◆ **WHAT IS NEEDED**
Of the lines listed below, return exactly those that run from the line containing "Ray Grieselhuber(レイ・グリセルフーバー)氏による、SERP Analytics" through the line containing "BioTech USA B Complex, 60tabs", both included.
━━━━━ ENTRIES PROVIDED
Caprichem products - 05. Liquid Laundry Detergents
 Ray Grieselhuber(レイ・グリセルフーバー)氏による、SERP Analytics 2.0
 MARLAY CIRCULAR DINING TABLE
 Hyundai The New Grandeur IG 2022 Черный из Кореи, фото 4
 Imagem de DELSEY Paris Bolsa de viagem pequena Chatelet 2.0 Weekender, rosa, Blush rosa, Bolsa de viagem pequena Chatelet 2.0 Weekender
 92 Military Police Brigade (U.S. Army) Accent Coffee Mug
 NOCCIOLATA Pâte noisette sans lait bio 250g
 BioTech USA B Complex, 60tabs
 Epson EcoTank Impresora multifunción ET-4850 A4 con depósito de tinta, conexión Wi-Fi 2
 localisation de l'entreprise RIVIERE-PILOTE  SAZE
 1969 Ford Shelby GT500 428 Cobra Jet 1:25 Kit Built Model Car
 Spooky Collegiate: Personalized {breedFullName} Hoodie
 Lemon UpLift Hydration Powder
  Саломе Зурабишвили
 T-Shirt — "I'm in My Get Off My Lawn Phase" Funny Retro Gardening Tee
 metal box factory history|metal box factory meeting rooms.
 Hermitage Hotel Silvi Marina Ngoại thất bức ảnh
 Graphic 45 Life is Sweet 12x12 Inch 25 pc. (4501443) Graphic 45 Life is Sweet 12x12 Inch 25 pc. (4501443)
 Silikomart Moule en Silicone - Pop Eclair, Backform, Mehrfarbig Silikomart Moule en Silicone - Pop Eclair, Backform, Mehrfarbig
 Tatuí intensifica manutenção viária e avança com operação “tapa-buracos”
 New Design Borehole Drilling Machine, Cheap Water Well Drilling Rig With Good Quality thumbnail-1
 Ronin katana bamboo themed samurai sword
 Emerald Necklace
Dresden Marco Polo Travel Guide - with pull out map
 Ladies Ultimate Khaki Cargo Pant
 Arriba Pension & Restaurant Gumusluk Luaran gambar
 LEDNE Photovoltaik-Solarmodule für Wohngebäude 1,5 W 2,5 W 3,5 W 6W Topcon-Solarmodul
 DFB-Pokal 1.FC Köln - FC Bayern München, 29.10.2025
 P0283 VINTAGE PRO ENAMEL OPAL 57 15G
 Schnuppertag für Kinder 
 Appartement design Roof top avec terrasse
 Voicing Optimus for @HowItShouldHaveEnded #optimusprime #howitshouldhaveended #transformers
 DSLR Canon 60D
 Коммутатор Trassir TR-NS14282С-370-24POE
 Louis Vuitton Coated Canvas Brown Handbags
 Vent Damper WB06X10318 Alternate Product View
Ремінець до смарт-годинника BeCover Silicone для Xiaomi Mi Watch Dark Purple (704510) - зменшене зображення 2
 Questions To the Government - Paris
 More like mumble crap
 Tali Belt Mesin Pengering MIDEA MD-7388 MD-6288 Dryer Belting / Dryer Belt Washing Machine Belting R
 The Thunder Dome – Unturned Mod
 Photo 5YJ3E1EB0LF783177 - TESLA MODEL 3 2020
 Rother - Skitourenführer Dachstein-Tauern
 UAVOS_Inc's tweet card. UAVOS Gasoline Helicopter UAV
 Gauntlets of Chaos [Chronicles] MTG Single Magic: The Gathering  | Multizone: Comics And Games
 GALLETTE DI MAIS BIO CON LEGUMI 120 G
━━━━━━━━━━
◆ **EXERCISE SOLUTION**
 Ray Grieselhuber(レイ・グリセルフーバー)氏による、SERP Analytics 2.0
 MARLAY CIRCULAR DINING TABLE
 Hyundai The New Grandeur IG 2022 Черный из Кореи, фото 4
 Imagem de DELSEY Paris Bolsa de viagem pequena Chatelet 2.0 Weekender, rosa, Blush rosa, Bolsa de viagem pequena Chatelet 2.0 Weekender
 92 Military Police Brigade (U.S. Army) Accent Coffee Mug
 NOCCIOLATA Pâte noisette sans lait bio 250g
 BioTech USA B Complex, 60tabs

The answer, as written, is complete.